Many have done a lot more, and a lot more quickly with a lot less. I pray in the hours to come the people who need help will get it.

Finally, regarding the order to leave the city. I trust my leaders have learnt from from this disaster. The most vulnerable must be assisted in leaving the areas of danger and provided for. Busing (etc) is a must before a hurricane strikes. Certainly, policitians would have had buses lined up if it was a polling day, for they understand that many don't have the resources. The twenty percent that stayed were the ones who could not leave without help. (i.e. infants, the ill ones, the elderly and the poor).

There is a lot of blame to go around. There was talk for years that the system would not hold in a major event as was unfolded.

God bless America!

bd12345678 09-02-2005 08:30 AM

Quote:

However, human nature being what it is, only 80% of the residents took heed and left while the other 20% stayed behind.
While I do believe there were those "hurricane hardened" citizens who made the decision to stay, it also seems there were many who hadn't the means to leave. Whether it meant a lack of transportation, money, place of refuge or certain disability- even ignorance- some people just couldn't leave.
Instead of blaming these people, it must be realized that many were left behind. What about those unable to leave hospitals? Or the dedicated workers who stayed with their patients? They need help more than ever; it upsets me to hear any criticism on their behalf. Not now.

OC 09-02-2005 09:53 AM

bd123,
I agree with you 100%. I don't think any of us understand what is like to be so poverty stricken, very sick and alone or so committed to those who need your help. What were there 300,000 left behind in NO? Some were stupid yes, idiots even. But what I see on TV is the lifeless bodies of the elderly, the sick and those who are invalids. What I see is survivors with little or no skills in a thing called life.
This should be a great lesson to all of us who call this country our home. The lesson should be that our culture is a proud one but is truely fragile one also. We have built a culture here in America that is so unreal, so based on materialisim that it has blinded us as a nation, as families and indivivduals. I'm not talking about goverment, I'm talking about its people as a whole. Be you rich or poor the majority of Americans have become so dependent on the machine over the last 40 years or so that when a disaster happens we honestly do not no how to respond, how to survive. I often wonder what will happen if this country hits the economic skids equal to the great depression. Will we have the skills, the stomach, the moral conviction to stick together or will see New Orleans nation wide? I will not critisize any goverment be it local, state or federal at this time, there will be plenty of time later. I am thankful for all the help pooring in from all over the world and that many of us are sending money for aid.

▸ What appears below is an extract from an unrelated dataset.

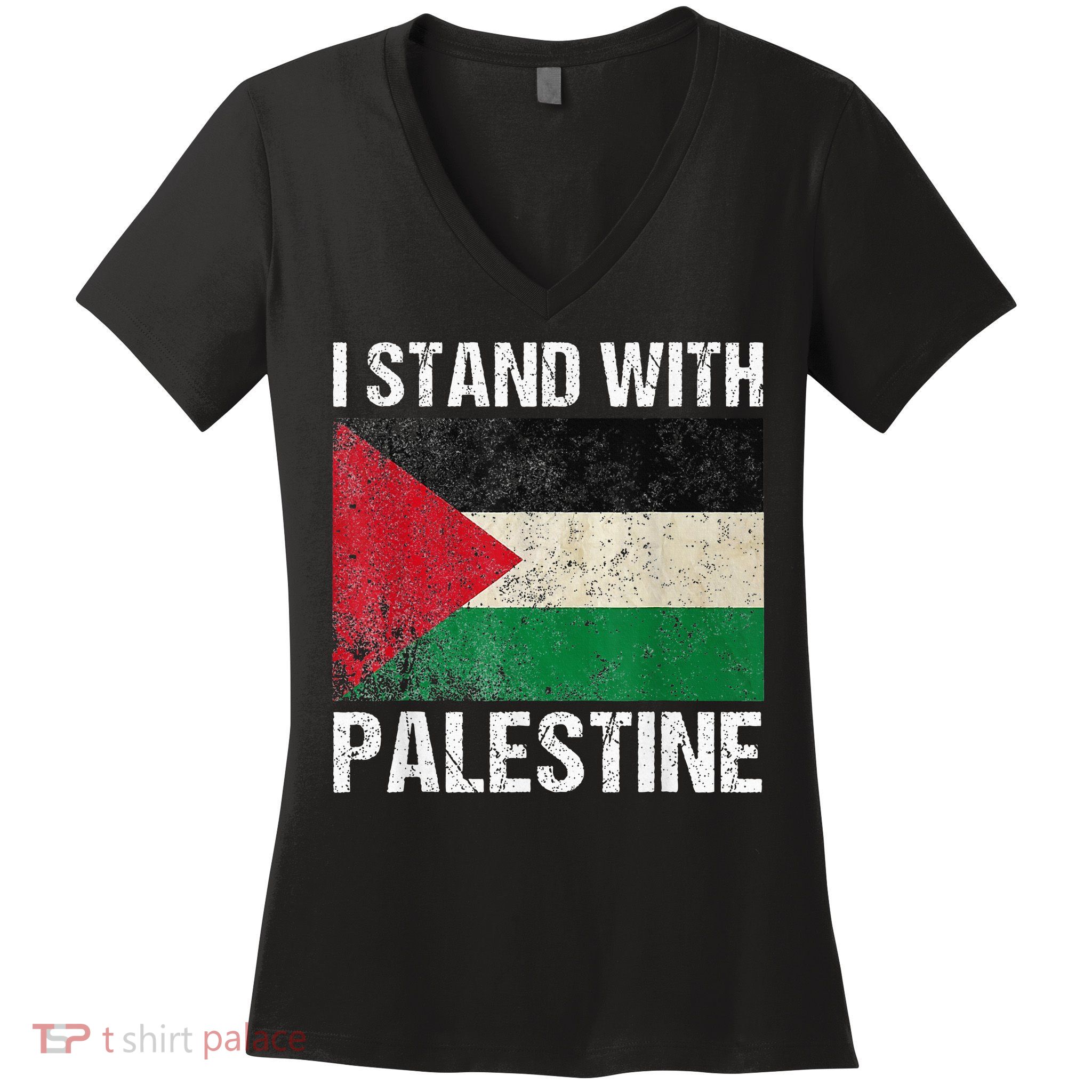Support I stand with Palestine Free Palestine Flag Arabic Women's V-Neck T-Shirt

But why has this happened in the first place? Mother nature does pretty much what it wants and we have forgotten entirely how to live with her. We play Russian Roulett on a daily basis, all of us.

flytyer 09-02-2005 01:16 PM

OC,

That is exactly what my much more wordy tome was getting at. We Americans as a whole do not heed the distruction nature can wrought. Like you, I cannot fault what government did or has done in the first few days after this unprecedented disaster in our country.

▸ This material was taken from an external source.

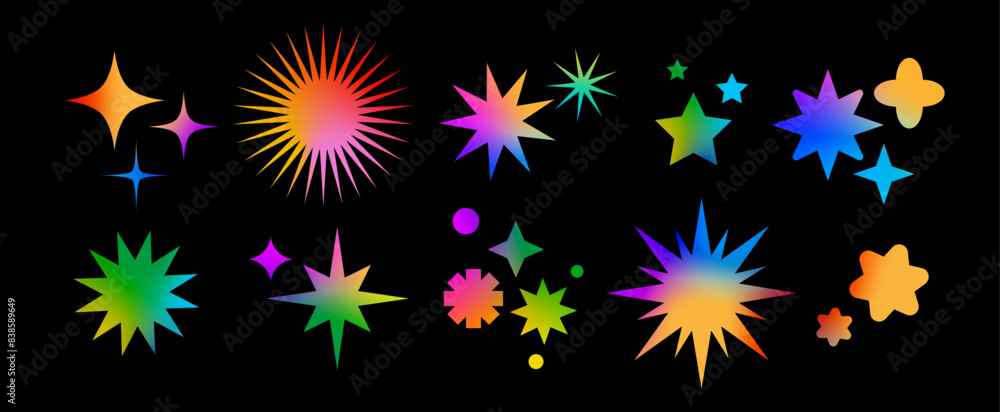 Poster Set of Vector Star Shapes with Gradient. Abstract Decorative Figures for Icon and Logo Design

We have become so dependent on someone else (usually our citizens look to the government) doing things for us that we don't heed nature and the potential losses if we ignore nature and go on our merry way because of what the government has done, whether it is to put up dikes or says our buildings are earthquake proof. Thus, the Russian Roulette has even higher stakes and results in huge losses of life.

Please understand, that I have been moved to tears when I see the reports. I heard one today that said FEMA is in need of approximately 20,000 body bags! That is a huge loss of life. And this doesn't even speak of the problem of how to house the million people who cannot move back to their homes in the city and the surrounding area for many months if not years. My heart breaks for them.